From How Stuff Works:

How Pilots Like 'Sully' Sullenberger Land Planes on Water

                                                               
In six minutes, U.S. Airways Flight 1549 went from a boring, old flight — tray tables up and locked, seats in upright positions — to fable. Captain Chelsey "Sully" Sullenberger and his first officer, Jeffrey Skiles, managed to carefully set an Airbus 320 in the waters between the jagged outlines of New York and New Jersey, pulling off a feat of emergency maneuvering.

It was called the Miracle on the Hudson, and the pilots, with particular attention to Sullenberger, were called true heroes.


For good reason, of course. The pilots were working with extremely limited resources. Both engines on the plane were completely disabled after hitting a flock of geese, which meant the pilots had to essentially "glide" the plane to safety. And despite what might sound like a gentle paper-plane like float, keep in mind the aircraft was shuddering, and the cabin was starting to fill with smoke


Despite hearing about the possibility of a water landing every time we hear the safety spiel on an aircraft, water landings, which aviation folks distinguish from water crashes, are quite unusual.

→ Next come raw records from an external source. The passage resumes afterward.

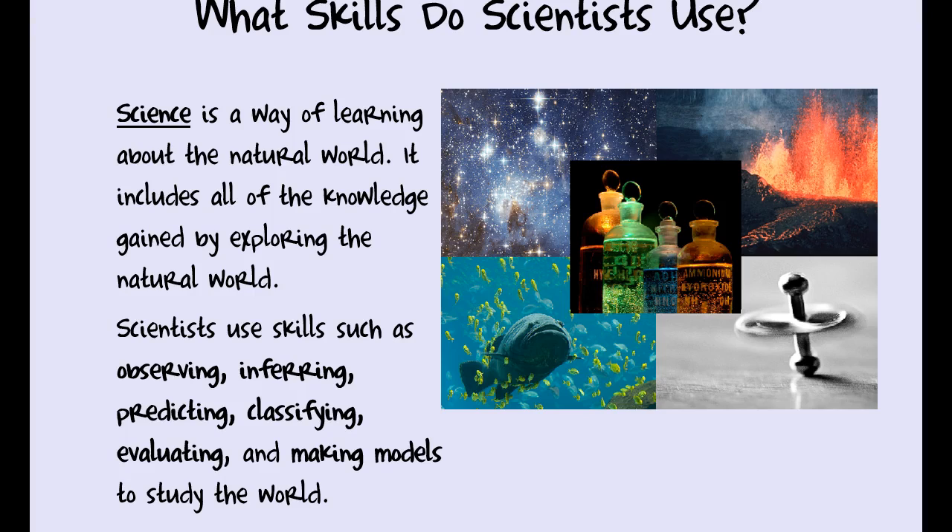We're going to talk about what skills do scientists use. By now you should understand that science is a way of learning about the world around us — we're exploring the natural world. Remember, that means we don't really explore supernatural things, even though some of you really want to be in sci-fi or fantasy. Science doesn't deal with that because we can't.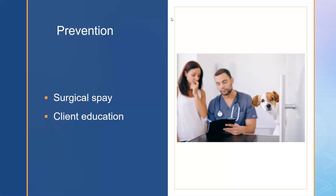The best and only prevention for pyometra is to have your dog spayed. Spaying — whether by removing the uterus and ovaries or just the ovaries — removes the hormonal stimulation that causes heat cycles and the uterine changes that allow pyometra to occur. We should be educating our clients about the possible medical implications of leaving their animals unaltered.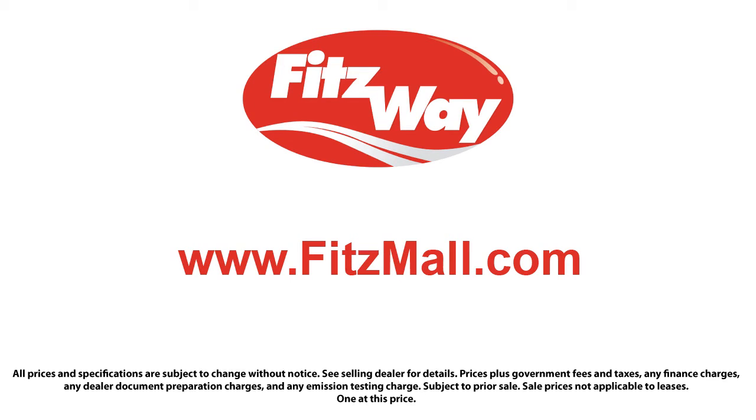The Fitzway puts the customer first with honesty, respect, and a total commitment to customer satisfaction. That's the Fitzway.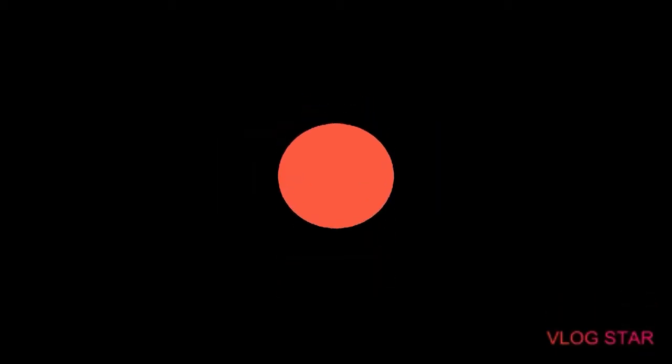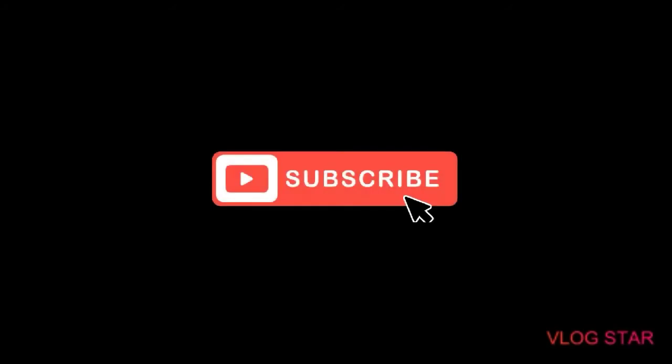If you like this video, do not forget to like and subscribe to the channel and share the video with your friends, so we can continue to publish more about cats.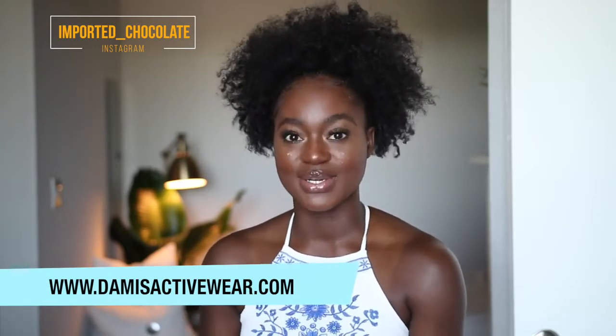Hey everybody, welcome back to my channel. It's Walanda. So you guys went crazy on the picture that I posted of me in the bell bottoms that is on diamondsactivewear.com. Thank you guys so much for the love, for the comment, for the repost. It was real. Since you guys love those pants so so much, I think it'll be a good idea to show you guys different ways to pair these pants up.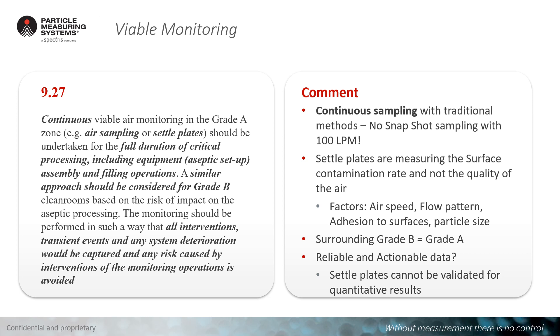Please also consider that the surrounding Grade B — the Grade B area surrounding Grade A — is now handled as Grade A. This represents an increase in the stringency for this grade, and Grade B becomes a very critical area that must also be monitored with continuous sampling. So far, many customers are doing continuous sampling only in Grade A and not in Grade B — this needs to change if this draft is finalized. Furthermore, settle plates cannot be validated for quantitative results, so data generated from settle plates cannot reliably be used to create actions and CAPAs.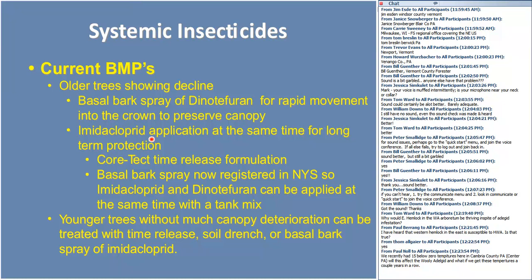For systemic insecticides, current best practices: for old trees showing decline, use a basal bark spray of dinotefuran to move rapidly into the crown to preserve the canopy, then get imidacloprid up there to protect it for the long haul. Imidacloprid has two formulations: Cortex, a time-release tablet used extensively in Great Smoky Mountains National Park, and a basal bark spray just registered in New York State, so imidacloprid and dinotefuran can be applied together as a tank mixture by registered pesticide applicators only. For younger trees without canopy deterioration, time-release soil drench or basal bark spray of imidacloprid alone is sufficient.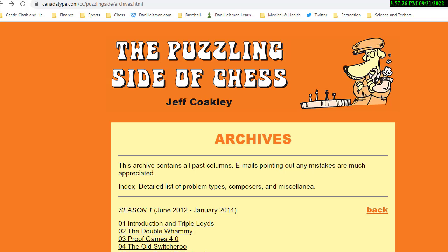Hi, this is National Master Dan Heisman and we're here with another video to help you improve your chess game. If you haven't told your friends about the channel Dan Heisman Chess here on YouTube, please do that — I greatly appreciate it. Take a couple extra seconds to do that next time you get a chance.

One older report pegged their occurrence in the U.S. at about 12-15 per year. 

Flight instructor Steve Lohrey is an airline transport pilot and advanced gold seal flight instructor at Northwest Flight School, based out of Spokane, Washington. Lohrey says Captain Sullenberger's water landing — "ditching," in aviation jargon — was exceptional, both due to how extremely skilled the pilot was and how infrequently ditchings occur.

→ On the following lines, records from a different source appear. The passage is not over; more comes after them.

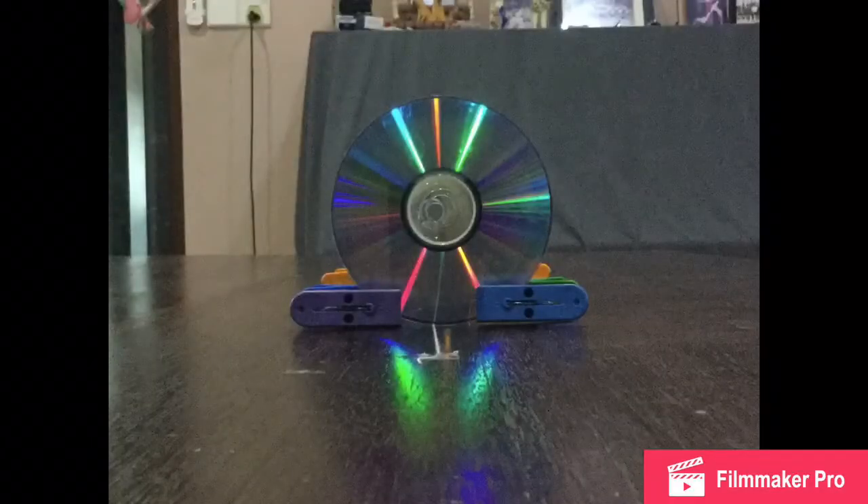As a conclusion, this experiment clearly proves that light travels in a straight line. Thank you.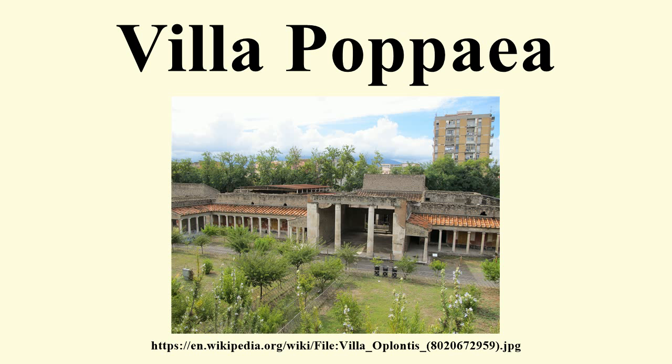The Villa of Poppea was first discovered in the 18th century during the construction of the Sarno Canal, which cut through the central hall of the villa. Between 1839 and 1840, explorations of the site were undertaken by Bourbon excavators who removed several paintings from the villa. The excavators used a tunnelling technique also employed at Herculaneum, uncovering part of the peristyle and garden area. Excavations continued again from 1964 until the mid-1980s, at which point the site was excavated to its current level.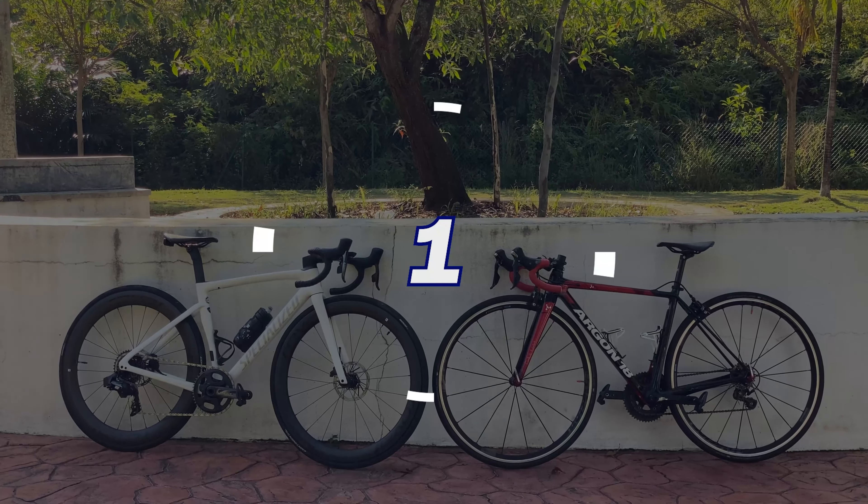The places where those early aero bikes excelled most were pancake flat courses where there wasn't a lot of wind and not a lot of turns. But if we fast forward to today's modern aero road bike, manufacturers have received feedback and made a lot of improvements. The weight of today's high-end aero road bikes has been reduced a lot, and the stiffness and handling have also been improved significantly, making them a much more versatile bike across a wide variety of courses.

"They are very rare, particularly in multiengine and airline transport airplanes because the regulations that we operate under demand a certain amount of equipment redundancy," Lohrey says. 

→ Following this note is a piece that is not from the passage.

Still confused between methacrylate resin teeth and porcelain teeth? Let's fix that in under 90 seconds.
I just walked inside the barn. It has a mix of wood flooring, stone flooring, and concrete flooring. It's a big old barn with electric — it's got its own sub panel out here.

In fact, pilots don't even train for them on flight simulators. "There's no provision in a simulator for training in a water landing because if you try to simulate it … the response is that the airplane crashes," Lohrey points out. But that doesn't mean that pilots are just winging it.

"The way we train for water landings is through a comprehensive ground school," Lohrey says. And that ground training, Lohrey explains, includes learning the real nuts and bolts of ditching a plane. Landing on a glassy mirror of water sounds great, but we all know that bodies of water aren't smooth. Waves and currents are going to affect the plane's touchdown, and they can bend the aluminum skin of the aircraft. That means the plane's belly isn't as capable of cushioning the blow as it can be when crashing on a harder surface, like a runway.

Wind will affect how well the ditching goes, too. "Ideally, airplanes take off and land into the wind because ditching into the wind provides the lowest speed over the water and therefore the lowest impact damage," Lohrey says. Landing into a breaker, for instance, is going to be "like running into something solid. It's more likely to cause extreme damage to the airplane and a violent deceleration with implications for the passengers."


Pilots follow meticulous checklists for different procedures — and emergencies. Ditching a plane in water is no different, although of course what you can do does depend on the time you have. "If you have a chance to reduce the weight in the airplane you can reduce your landing speed. The slower you strike the water, the happier you're going to be," Lohrey says.

And Lohrey points out another huge advantage to Flight 1549's landing. "Everyone was still buckled in," he says. Passenger preparedness is critical to keeping folks safe on impact. 


But the thing about water landings is that even if you do manage to land … you're still in water. Hypothermia and drowning are going to present real dangers. And that's exactly where Captain Sullenberger and co-pilot Skiles, skilled and competent as they were, also proved fortunate.  


"The airplane stayed above the water long enough for everybody to get out," Lohrey says, pointing out there were sophisticated emergency operations responding mere minutes after the touchdown. "It was a stroke of good luck, as well as good airmanship."  


So while water landings are rare, experienced pilots are prepared to make quick and expert decisions to execute them. But a little luck is going to go a long way to make those preparations count.